Plutôt que de céder aux exigences des multinationales, le Mali semble déterminé à réguler de manière plus équitable son secteur minier. En 2023, l’État a réparti entre divers fonds et budgets de soutien aux collectivités une partie des recettes minières. Cette manne financière permet de soutenir des secteurs vitaux pour le pays, mais elle souligne également l’importance d’une régulation rigoureuse pour garantir une exploitation équitable et transparente des ressources naturelles.

L’établissement de partenariats avec des experts locaux et la formation d’une main-d’œuvre qualifiée constituent des pistes prometteuses pour faire du secteur minier un pilier véritablement national. En diversifiant les activités minières et en optimisant les bénéfices pour le pays, le Mali pourrait réduire sa dépendance aux multinationales et renforcer sa souveraineté sur ses ressources.

En s’engageant résolument sur la voie de la souveraineté minière, le Mali affiche certes une ambition forte. Il s’agit de faire de ses ressources un levier de développement au service de tous. Bien qu’étant audacieux, ce choix comporte de nombreux risques. En effet, tourner le dos aux multinationales pourrait exposer le pays à des défis économiques et techniques majeurs, surtout avec des insuffisances techniques et des infrastructures encore insuffisamment développées. Les entreprises internationales, malgré leurs intérêts propres, apportent un savoir-faire et des moyens financiers dont le Mali pourrait difficilement se passer. Plutôt que de s’orienter vers un bras de fer aux issues incertaines, il serait peut-être plus sage de rechercher des partenariats « gagnant – gagnant », permettant d’avancer sans se couper de ressources précieuses.

Ainsi, pour le Mali, le principal défi pourrait résider dans l’équilibre entre indépendance et coopération. Si le pays parvient à maintenir une posture ferme tout en ouvrant la voie à des échanges équilibrés, l’exploitation de l’or pourra enfin servir non seulement les intérêts de quelques-uns, mais de tous les Maliens. En bâtissant des partenariats intelligents et des partenariats mutuellement profitables, en exigeant transparence et équité, le Mali pourrait atteindre une souveraineté minière qui profite réellement à sa population sans compromettre le développement du secteur. L’or malien, sous une gouvernance éclairée, pourrait devenir un véritable moteur de croissance et un pilier de stabilité pour le pays.
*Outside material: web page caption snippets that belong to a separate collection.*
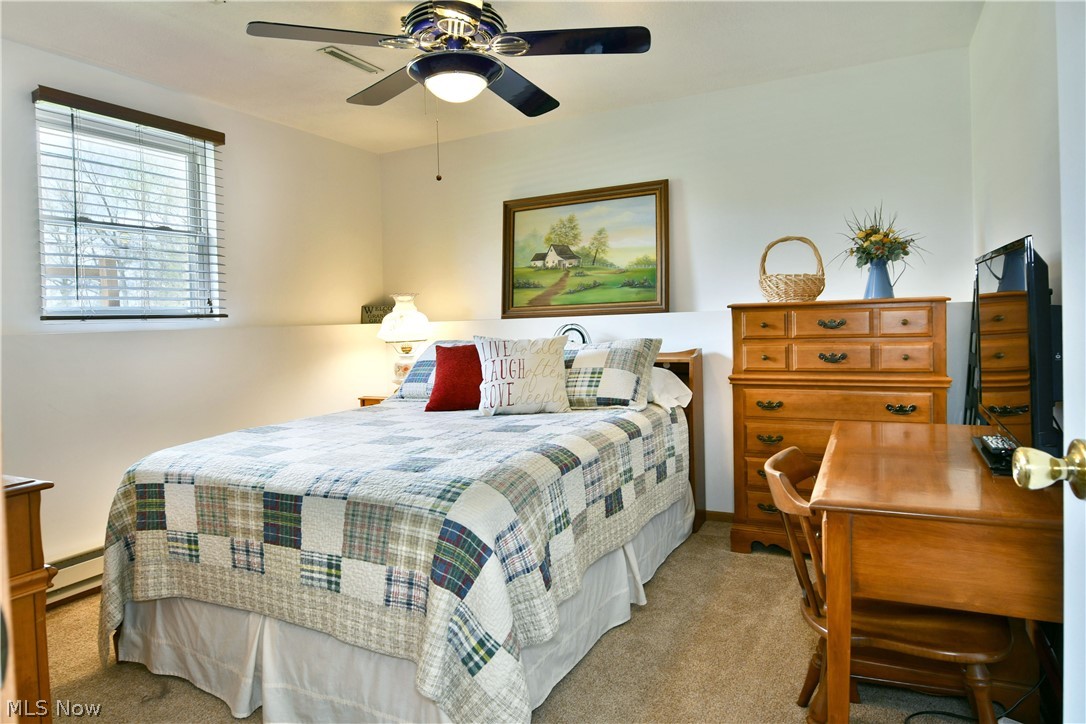 Bazetta Township Sec 20 - Residential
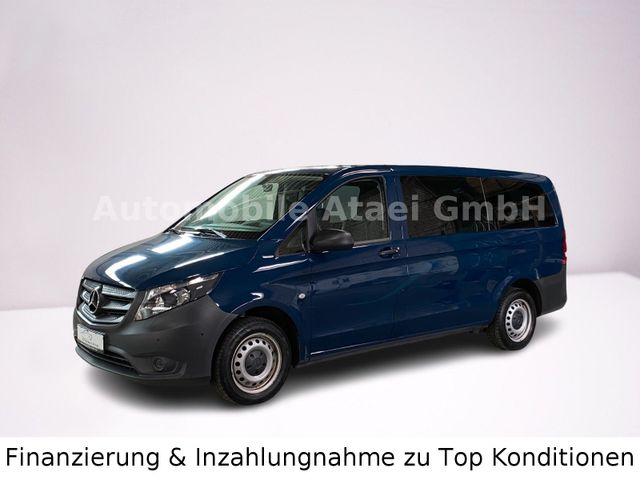 Mercedes-Benz Vito Tourer lang 114 CDI Automatik (3726)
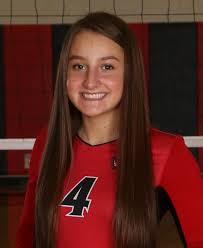 Meet the 2020 Battle Creek Enquirer All-Area Volleyball Team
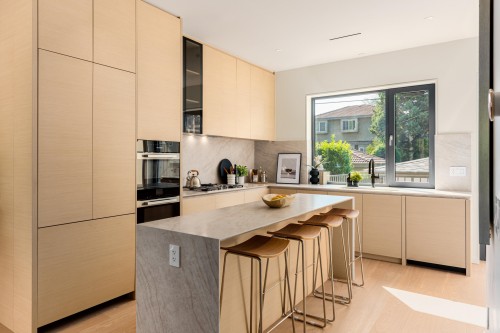 4477 Wallace Street, Vancouver, BC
En tout état de cause, cette quête de souveraineté est une prise de position courageuse, mais elle doit être accompagnée de pragmatisme. L’indépendance, si précieuse, n’empêche pas de collaborer. Il s’agit pour le Mali de construire un modèle unique, un équilibre entre contrôle national et ouverture maîtrisée, où les richesses du sous-sol servent à construire un avenir solide pour tous les citoyens. Avec une vision à long terme et un pragmatisme réfléchi, le Mali pourrait démontrer qu’il est possible de transformer les ressources naturelles en un bien commun, durable et inclusif.